7.6 Sole Recourse of Boatracs. Except as provided in Section
7.5, Boatracs' sole recourse under this Section 7 shall be a
right of set-off against the Subordinated Notes. Each
Subordinated Note contains a payment schedule (each referred to
as a "Payment Schedule"). Any set-off for Damages allowed under
this Section 7 shall be divided equally between the two
Subordinated Notes and shall be made as described in this Section
7.6. If Boatracs determines that it has a right of set-off
hereunder, Boatracs may prepare a Test Balance Sheet to determine
the timing of such set-off. The Test Balance Sheet shall be
prepared in accordance with GAAP, but as if (i) the next
installment payment upon the Subordinated Notes, (ii) the next
installment payment upon the Senior Notes and (iii) any payments
due upon liabilities triggering the right of set-off hereunder
had been made. If the cash and cash equivalents shown on the
Test Balance Sheet are less than $240,000, then Boatracs shall
provide notice of an Inverse Set-Off to the Shareholders. After
notice of an Inverse Set-Off, until Boatracs receives a Waiver
(as defined below), set-offs shall be made first against the
principal and interest to be paid under the next payment due to
be made pursuant to the Payment Schedule of each Subordinated
Note, then against the principal and interest to be paid under
the subsequent payment to be made pursuant to the Payment
Schedule of each Subordinated Note and so forth until the maximum
liability of the Shareholders as set forth in Section 7.5 is
reached (each, an "Inverse Set-Off"). In the event of a receipt
of a notice of an Inverse Set-Off, the Shareholders may determine
jointly that they wish to waive the requirement that Boatracs
maintain a minimum of $240,000 in cash so that Boatracs will not
be in default under the Senior Notes. If the Shareholders make
such determination, then the Shareholders shall provide a written
waiver of such requirement in a form reasonably satisfactory to
Boatracs (the "Waiver"). At all times (a) before Boatracs
provides notice of an Inverse Set-Off or (b) after receipt of a
Waiver, set-offs shall be made first against the principal and
interest to be paid under the final payment to be made pursuant
to the Payment Schedule of each Subordinated Note, then against
the principal and interest to be paid under the second to last
payment to be made pursuant to the Payment Schedule of each
Subordinated Note and so forth until the maximum liability of the
Shareholders as set forth in Section 7.5 is reached
7.7 No Contribution. The Shareholders acknowledge and agree
that they shall not have and shall not exercise or assert (or
attempt to exercise or assert), any right of contribution, right
of indemnity or other right or remedy against Enerdyne in
connection with (a) any indemnification obligation or any other
liability to which the Shareholders or Enerdyne may become
subject under or in connection with this Agreement or (b) any
certificate delivered by Enerdyne in connection with this
Agreement.
7.8 No Implied Representations. Boatracs and the Shareholders
acknowledge that, except as expressly provided in Sections 2, 3
and 4, neither party hereto, and none of the representatives of
either party hereto, has made or is making any representations or
warranties whatsoever, implied or otherwise.

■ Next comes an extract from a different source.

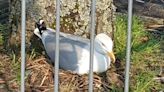 Cordon around nesting gull in supermarket car park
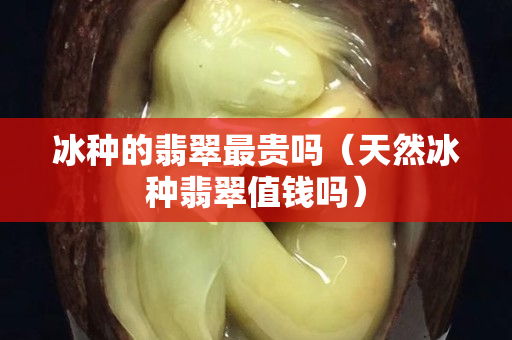冰種的翡翠最貴嗎（天然冰種翡翠值錢嗎）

7.9 Indemnification Claims.
(a) If either party hereto (the "Claimant") wishes to assert an
indemnification claim against the other party hereto (the
"Respondent"), the Claimant shall deliver to the Respondent a
written notice (a "Claim Notice") setting forth:
(i) the specific representation, warranty or covenant alleged to
have been breached by the Respondent;
(ii) a detailed description of the facts and circumstances giving
rise to the alleged breach of such representation, warranty or
covenant; and
(iii) a detailed description of, and a reasonable estimate
(to the extent practicable) of the total amount of, the Damages
actually incurred or expected to be incurred by the Claimant as a
direct result of such alleged breach.
(b) Response Notice; Uncontested Claims. Within fifteen (15)
business days of the date of a Claim Notice (the "Response
Date"), the Respondent shall provide the Claimant a written
response (the "Response Notice") in which the Respondent shall
(i) agree that the full Claimed Amount is valid, (ii) agree that
part, but not all, of the Claimed Amount (the "Agreed Amount") is
valid, or (iii) contest that any of the Claimed Amount is valid.
The Respondent may contest all or a portion of a Claimed Amount
only based upon a good faith belief that all or such portion of
the Claimed Amount does not constitute Damages for which the
Claimant is entitled to indemnification under this Section 7.
(c) Uncontested Claims. If the Respondent in the Response
Notice agrees that the Claimed Amount is valid, the Claimant
shall be entitled to (i) prompt payment of the Claimed Amount if
the Claimant is a Shareholder, or (ii) its remedy in accordance
with Section 7.6 if the Claimant is Boatracs.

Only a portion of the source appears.